**Exercise:** In the listing that follows, find the line with "October Birthstone Urn", then copy exactly from it through the line with "Valentino Sleeve Contrast", leaving out every picture.

**Source data:**
^^^^^^^^

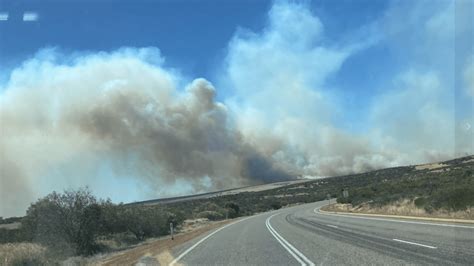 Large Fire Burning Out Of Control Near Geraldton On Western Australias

^^^^^^^^

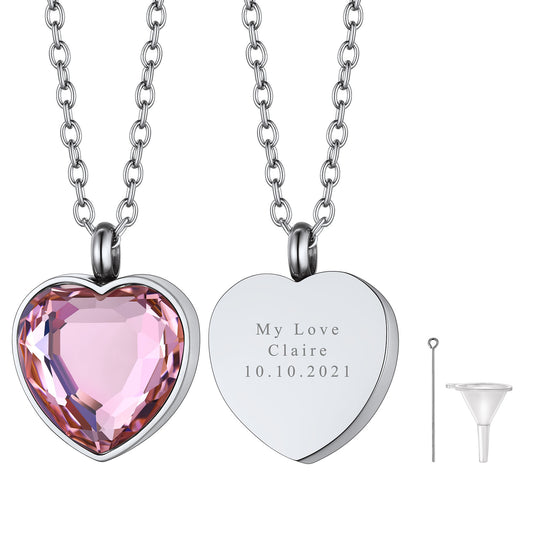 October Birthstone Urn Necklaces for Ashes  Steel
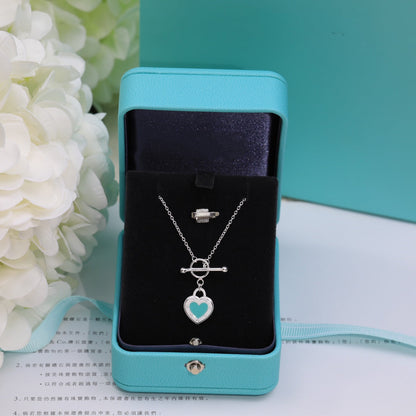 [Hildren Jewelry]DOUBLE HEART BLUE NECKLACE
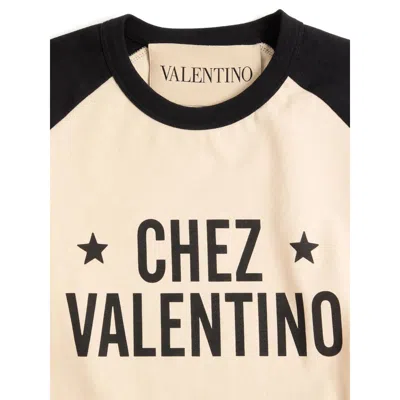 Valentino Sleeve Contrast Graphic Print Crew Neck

^^^^^^^^

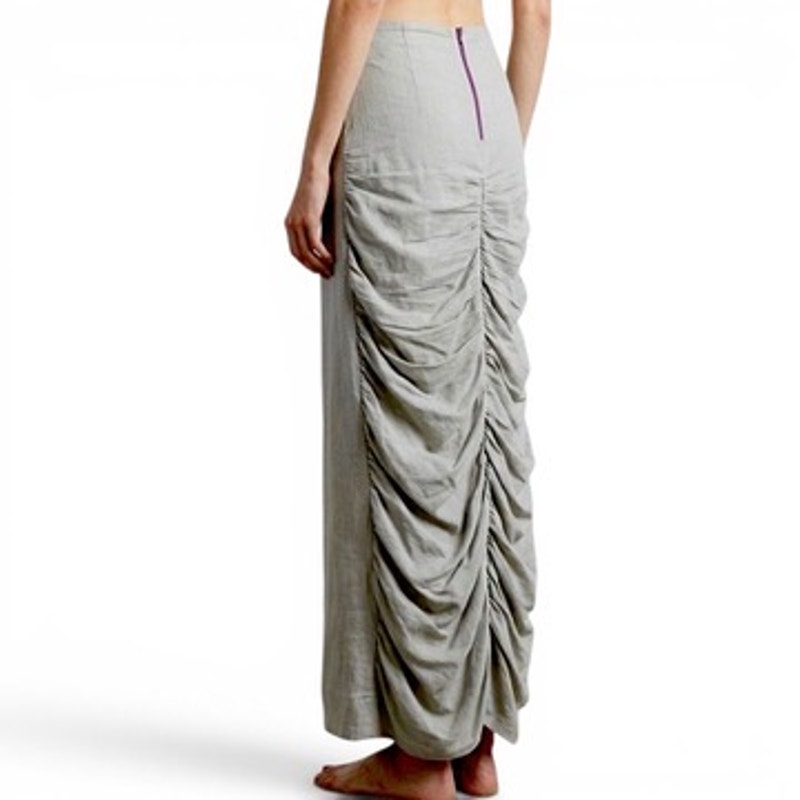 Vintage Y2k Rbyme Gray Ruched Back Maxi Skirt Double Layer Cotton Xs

^^^^^^^^

**Task answer:**
 October Birthstone Urn Necklaces for Ashes  Steel
 [Hildren Jewelry]DOUBLE HEART BLUE NECKLACE
 Valentino Sleeve Contrast Graphic Print Crew Neck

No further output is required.